Exchange student Jarred Booth chose to work three months in a hostel in Pucón, Chile instead of returning back to the United States for the long break in between semesters. 

When I first decided to study abroad for a year, one of the first things I thought of was… how in the world am I going to make money? It’s tough to get a service job, especially with your student visa in tow, and even more difficult if you’re not completely fluent in the native language. However, not to worry… there are numerous ways to fill your time and your pockets while you’re abroad, and make sure that you’re able to explore more of the country that you’ve been living in.

The number one thing is to get creative. You won’t be able to make money in the same sort of stable job you might have had before. Capitalize on the connections that you do make, because when you arrive in a new place you’re not going to have any.

The one thing you will for sure find out is that the most valuable skill you have is probably that you speak English, especially if you live in a place where many tourists visit. All of the work and volunteer opportunities I’ve gotten have been in part because I speak English as a native language. Saying this, however, only relying on the fact that you speak English won’t get you a job in another country. You also have to evaluate the skills you do have that people might want, like childcare, gardening, construction, writing, or translation.

There are numerous websites you can check out that offer volunteering jobs in exchange for housing and food as well. They are offered in almost every country you may be studying abroad in. The one I have been using this summer is called Workaway, and the page for Chile offers around 600 hosts to choose from. This also means you can travel to visit another place at a low cost and be able to stay there for long periods of time. Many of the hosts are hostels and hotels looking for volunteers that can help with the upkeep of the place, meanwhile letting the volunteers live there. Being a volunteer at a hostel can be better if you’re a young person because that’s usually where young travelers and backpackers are staying. Chances are you will also stay at hostels if you’re traveling around during your study abroad experience.

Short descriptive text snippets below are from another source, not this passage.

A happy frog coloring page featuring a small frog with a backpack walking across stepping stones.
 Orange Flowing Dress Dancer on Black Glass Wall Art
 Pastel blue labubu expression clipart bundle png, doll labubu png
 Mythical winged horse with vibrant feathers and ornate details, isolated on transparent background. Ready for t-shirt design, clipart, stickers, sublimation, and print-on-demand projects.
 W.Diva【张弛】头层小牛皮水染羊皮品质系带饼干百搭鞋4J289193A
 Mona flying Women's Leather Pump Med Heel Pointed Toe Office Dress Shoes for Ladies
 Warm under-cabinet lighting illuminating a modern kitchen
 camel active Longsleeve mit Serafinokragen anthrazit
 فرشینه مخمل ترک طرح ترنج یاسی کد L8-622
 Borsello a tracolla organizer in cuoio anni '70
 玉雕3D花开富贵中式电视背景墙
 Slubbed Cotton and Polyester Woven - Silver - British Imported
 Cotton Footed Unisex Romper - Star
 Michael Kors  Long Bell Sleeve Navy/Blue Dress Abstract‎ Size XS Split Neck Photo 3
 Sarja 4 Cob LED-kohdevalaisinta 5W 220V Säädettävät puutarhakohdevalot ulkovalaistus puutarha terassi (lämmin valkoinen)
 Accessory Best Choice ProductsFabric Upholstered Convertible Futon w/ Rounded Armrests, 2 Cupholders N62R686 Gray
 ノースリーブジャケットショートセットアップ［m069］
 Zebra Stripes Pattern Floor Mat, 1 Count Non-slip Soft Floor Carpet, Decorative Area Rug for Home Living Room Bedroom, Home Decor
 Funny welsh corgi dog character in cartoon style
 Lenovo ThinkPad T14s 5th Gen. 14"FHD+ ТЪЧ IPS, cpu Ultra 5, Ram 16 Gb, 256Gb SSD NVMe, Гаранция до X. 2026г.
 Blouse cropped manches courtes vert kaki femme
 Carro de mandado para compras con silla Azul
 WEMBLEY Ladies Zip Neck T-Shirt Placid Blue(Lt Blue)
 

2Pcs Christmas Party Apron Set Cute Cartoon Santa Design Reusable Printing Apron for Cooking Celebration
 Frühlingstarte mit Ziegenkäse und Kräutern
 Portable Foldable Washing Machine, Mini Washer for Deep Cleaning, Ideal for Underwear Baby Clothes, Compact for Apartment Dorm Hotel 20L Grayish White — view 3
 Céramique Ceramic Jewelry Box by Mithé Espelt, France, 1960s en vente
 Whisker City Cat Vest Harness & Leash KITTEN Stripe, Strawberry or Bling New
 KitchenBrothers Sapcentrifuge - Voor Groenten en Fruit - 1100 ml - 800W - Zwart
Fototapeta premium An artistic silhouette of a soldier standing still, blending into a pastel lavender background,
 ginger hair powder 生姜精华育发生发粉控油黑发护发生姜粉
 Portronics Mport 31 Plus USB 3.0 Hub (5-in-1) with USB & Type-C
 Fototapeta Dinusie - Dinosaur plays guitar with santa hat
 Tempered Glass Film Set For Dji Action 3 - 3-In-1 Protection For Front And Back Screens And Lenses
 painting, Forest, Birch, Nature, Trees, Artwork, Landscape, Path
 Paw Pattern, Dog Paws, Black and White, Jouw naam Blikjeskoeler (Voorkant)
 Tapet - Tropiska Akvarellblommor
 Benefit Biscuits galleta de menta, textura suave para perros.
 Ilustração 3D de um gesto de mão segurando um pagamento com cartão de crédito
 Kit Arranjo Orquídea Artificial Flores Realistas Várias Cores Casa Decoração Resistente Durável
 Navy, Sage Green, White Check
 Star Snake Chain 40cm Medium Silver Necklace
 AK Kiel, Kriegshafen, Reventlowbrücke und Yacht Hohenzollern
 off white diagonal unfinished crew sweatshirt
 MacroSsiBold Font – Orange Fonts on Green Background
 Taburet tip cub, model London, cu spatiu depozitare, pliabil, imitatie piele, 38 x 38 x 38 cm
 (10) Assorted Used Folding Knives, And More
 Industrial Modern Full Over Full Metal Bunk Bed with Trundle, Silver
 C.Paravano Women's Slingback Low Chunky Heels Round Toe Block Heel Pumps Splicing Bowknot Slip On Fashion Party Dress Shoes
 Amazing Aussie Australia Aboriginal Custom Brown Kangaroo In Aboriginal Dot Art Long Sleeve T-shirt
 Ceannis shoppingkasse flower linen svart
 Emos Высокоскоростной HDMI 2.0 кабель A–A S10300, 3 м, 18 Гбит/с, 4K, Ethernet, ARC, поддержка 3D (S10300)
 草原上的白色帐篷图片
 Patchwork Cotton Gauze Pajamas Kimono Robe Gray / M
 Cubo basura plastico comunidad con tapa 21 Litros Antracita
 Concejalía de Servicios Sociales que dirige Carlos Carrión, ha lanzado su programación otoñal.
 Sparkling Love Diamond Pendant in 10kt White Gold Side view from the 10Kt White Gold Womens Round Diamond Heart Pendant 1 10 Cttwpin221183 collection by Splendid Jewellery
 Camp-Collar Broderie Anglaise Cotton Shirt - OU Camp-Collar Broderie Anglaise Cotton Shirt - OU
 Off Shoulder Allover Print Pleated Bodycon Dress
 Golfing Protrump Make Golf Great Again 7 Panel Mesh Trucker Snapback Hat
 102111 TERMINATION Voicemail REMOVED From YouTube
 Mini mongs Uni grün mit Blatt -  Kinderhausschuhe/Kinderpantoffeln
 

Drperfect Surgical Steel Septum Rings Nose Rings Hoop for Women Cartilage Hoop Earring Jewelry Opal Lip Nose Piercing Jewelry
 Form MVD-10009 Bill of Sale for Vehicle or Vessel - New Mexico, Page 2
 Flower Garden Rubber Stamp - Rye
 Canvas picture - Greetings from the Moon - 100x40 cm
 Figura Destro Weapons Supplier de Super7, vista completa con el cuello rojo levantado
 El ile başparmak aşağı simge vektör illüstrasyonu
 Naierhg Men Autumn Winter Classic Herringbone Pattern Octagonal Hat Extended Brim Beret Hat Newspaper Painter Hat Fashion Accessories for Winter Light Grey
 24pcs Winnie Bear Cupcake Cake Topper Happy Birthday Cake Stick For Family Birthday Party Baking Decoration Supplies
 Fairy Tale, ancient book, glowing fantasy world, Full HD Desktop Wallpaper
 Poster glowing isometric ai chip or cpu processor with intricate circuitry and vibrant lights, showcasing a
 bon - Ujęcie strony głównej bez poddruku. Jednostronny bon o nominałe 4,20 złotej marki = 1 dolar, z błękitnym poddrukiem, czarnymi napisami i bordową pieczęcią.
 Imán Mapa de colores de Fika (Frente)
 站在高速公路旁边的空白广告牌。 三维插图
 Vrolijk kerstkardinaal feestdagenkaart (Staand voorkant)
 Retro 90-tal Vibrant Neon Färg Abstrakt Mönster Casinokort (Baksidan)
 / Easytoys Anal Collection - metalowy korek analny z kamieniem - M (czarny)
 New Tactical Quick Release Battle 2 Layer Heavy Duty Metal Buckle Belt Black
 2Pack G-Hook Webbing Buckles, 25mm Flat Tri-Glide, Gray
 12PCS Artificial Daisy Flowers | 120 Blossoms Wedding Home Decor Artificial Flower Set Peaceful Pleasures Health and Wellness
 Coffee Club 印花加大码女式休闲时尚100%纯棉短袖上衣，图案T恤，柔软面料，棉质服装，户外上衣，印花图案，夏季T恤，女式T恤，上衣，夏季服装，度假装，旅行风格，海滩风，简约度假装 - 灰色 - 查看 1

Most rooms are shared between four or more people in bunk bed style. Living and working in a hostel would be a great option if you are very social because there is an influx of new people that you’ll need to check in every day. Also, in my experience, many people are staying in hostels because they really want to meet other people or they’re traveling alone looking to make connections.

My friend Jarred Booth who I met in my exchange program has spent the last three months of his summer break volunteering in a hostel in the south of Chile, in an outdoorsy tourist city called Pucón. He is originally from Pennsylvania and chose to study a year in Valparaíso through Arcadia University. “I would highly recommend working in a hostel to other students who have the free time abroad because it is such a unique experience being able to work in both your native and your second language, fluently and in sync,” commented Booth.

Most hostels will hire one or more volunteers that work and live together. As Booth had a lot of free time for the summer in between semesters in Chile, he planned to work three months in Pucón. “I chose this hostel because it was very well rated as well as the general atmosphere seems like it would best fit me. Sometimes while working with tourists it is a little trying, however, most of the time it is an amazing experience because you get to share culture and opinions and history amongst a group of people that is completely diverse,” added Booth.

Apart from hostels, the other common thing Workaway hosts are looking for is people that speak another language, mainly English, who can live with them and help teach their family the language. I have experience with this kind of job, and it is a great opportunity to live in a different place, meet new people, and share their lifestyle. Most of the time, it’s really not hard work because you are just having conversations with other people in your native language and explaining things that are natural to you. It is kind of like living with a host family, but you are there to teach them English or another language instead of them helping you with your own language learning. It is a great experience especially if you want to go into interpreting or teaching in the future.

Another thing many people may be looking for that is a money-making opportunity as well is one-on-one English lessons. You could put up posters around the university where you’re studying, or just ask around the university. Most of the time you will find that people are looking for the practice, but getting paid for it is another thing. If you brand yourself as a valuable resource, people may be willing to pay you for hourly English lessons. Otherwise, it can serve as more experience for your resumé for teaching.

A different option for volunteering abroad is Willing Workers on Organic Farms, better known as WWOOF, which is a program that hosts volunteers to help with production and operation on organic farms throughout the world. The farms are located in more rural areas of the country, and each program is organized by the host country itself. It serves more as a cultural and language exchange than paid work, but will also provide you a place to live while you are traveling around and let you access more uncommon areas of the country.

Another paid opportunity I’ve gotten through studying abroad is working on research investigations with professors. In my case, I’ll be working with a linguistics professor who studies the way foreigners learn Spanish. In this way, I am the perfect research subject for her and get experience as a research assistant with her as well.

Overall, you will probably find that the work and volunteer opportunities available to you may be very different from those that you can find at home. The challenges you face will also be different than the jobs you may have at home as well. Booth summed up that, “I feel more organized and I feel more well-rounded after working in the hostel for some time because now I know I can work in Spanish and I can understand directions, orders, requests and much more in a language that when I arrived I wasn’t too confident in.”